Authors: Nita Prose
The Maid
is a work of fiction. Names, characters, places, and incidents are the products of the author’s imagination or are used fictitiously. Any resemblance to actual events, locales, or persons, living or dead, is entirely coincidental.
Copyright © 2022 by Nita Prose Inc.
All rights reserved.
Published in the United States by Ballantine Books, an imprint of Random House, a division of Penguin Random House LLC, New York.
Ballantine
and the
House
colophon are registered trademarks of Penguin Random House LLC.

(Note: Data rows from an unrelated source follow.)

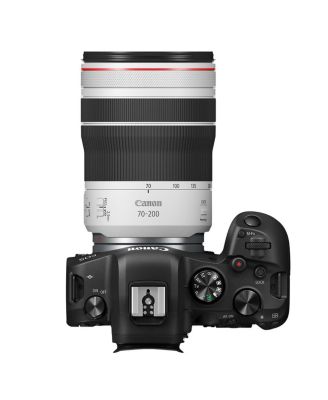 Canon RF70-200mm F4 L is USM (4318C002)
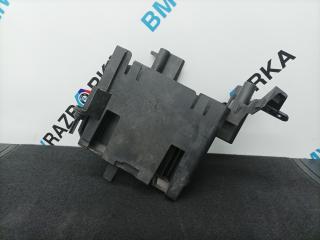 корпус эбу BMW X5 G05 2021, 3.0 л., гибрид, АКПП, c27, внедорожник 5 дв., полный привод, 12908654215, 8654215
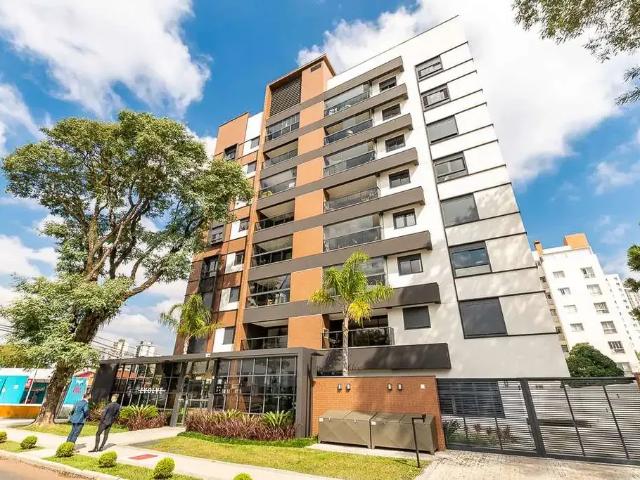 Apartamento venda em Região Geográfica Imediata de Teresina, Região Integrada de Desenvolvimento da Grande Teresina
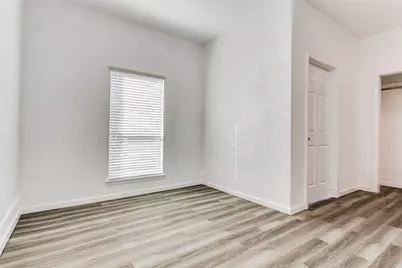 1606 W Shore Drive, Richardson, TX 75080 - Photo 15
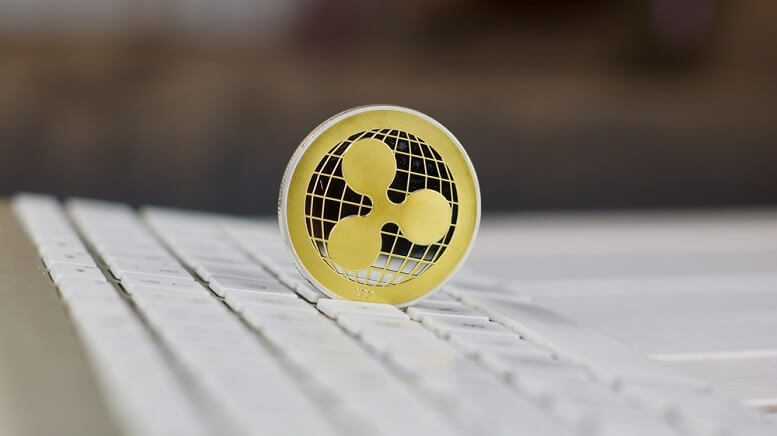 d88916e981920dcb53a30746bba4e1fc HTX Earn Fully Upgraded: Join HTX Earn Carnival, Earn Up to 15% APY and Apple Product Rewards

LIBRARY OF CONGRESS CATALOGING-IN-PUBLICATION DATA
Names: Prose, Nita, author.
Title: The maid: a novel / Nita Prose.
Description: First edition. | New York: Ballantine Books, [2022]

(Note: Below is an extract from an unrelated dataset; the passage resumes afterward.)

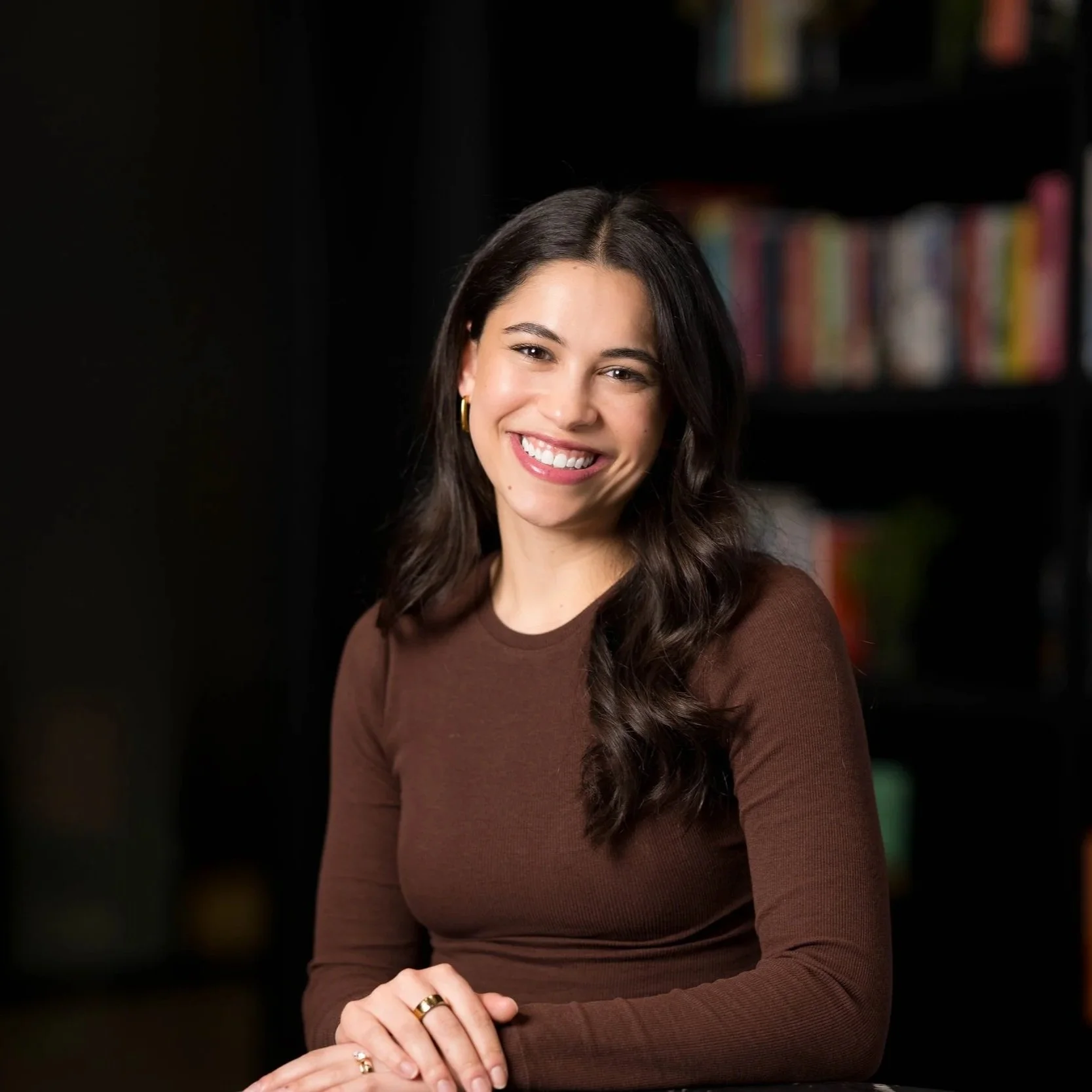 Hinge+Headshots+Test-969.jpg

Identifiers: LCCN 2020057416 (print) | LCCN 2020057417 (ebook) | ISBN 9780593356159 (hardcover; acid-free paper) | ISBN 9780593356166 (ebook)
Subjects: GSAFD: Suspense fiction.
Classification: LCC PR9199.4.P7768 M35 2022 (print) | LCC PR9199.4.P7768 (ebook) | DDC 813/.6—dc23
LC record available at
https://lccn.loc.gov/2020057416
LC ebook record available at
https://lccn.loc.gov/2020057417
Ebook ISBN 9780593356166
Book design by Virginia Norey, adapted for ebook
Cover design: Elena Giavaldi
ep_prh_6.0_138928805_c0_r0
I am your maid. I’m the one who cleans your hotel room, who enters like a phantom when you’re out gallivanting for the day, no care at all about what you’ve left behind, the mess, or what I might see when you’re gone.
I’m the one who empties your trash, tossing out the receipts you don’t want anyone to discover. I’m the one who changes your sheets, who can tell if you slept in them and if you were alone last night or not. I’m the one who straightens your shoes by the door, who puffs up your pillows and finds stray hairs on them. Yours? Not likely. I’m the one who cleans up after you drink too much and soil the toilet seat, or worse.
When I’m done with my work, I leave your room pristine. Your bed is made perfectly, with four plump pillows, as though no one had ever lain there. The dust and grime you left behind has been vacuumed into oblivion. Your polished mirror reflects your face of innocence back at you. It’s as though you were never here. It’s as though all of your filth, all of your lies and deceits, have been erased.
I am your maid. I know so much about you. But when it comes down to it: what is it that you know about me?
I am well aware that my name is ridiculous. It was not ridiculous before I took this job four years ago. I’m a maid at the Regency Grand Hotel, and my name is Molly. Molly Maid. A joke. Before I took the job, Molly was just a name, given to me by my estranged mother, who left me so long ago that I have no memory of her, just a few photos and the stories Gran has told me. Gran said my mother thought Molly was a cute name for a girl, that it conjured apple cheeks and pigtails, neither of which I have, as it turns out. I’ve got simple, dark hair that I maintain in a sharp, neat bob. I part my hair in the middle—the exact middle. I comb it flat and straight. I like things simple and neat.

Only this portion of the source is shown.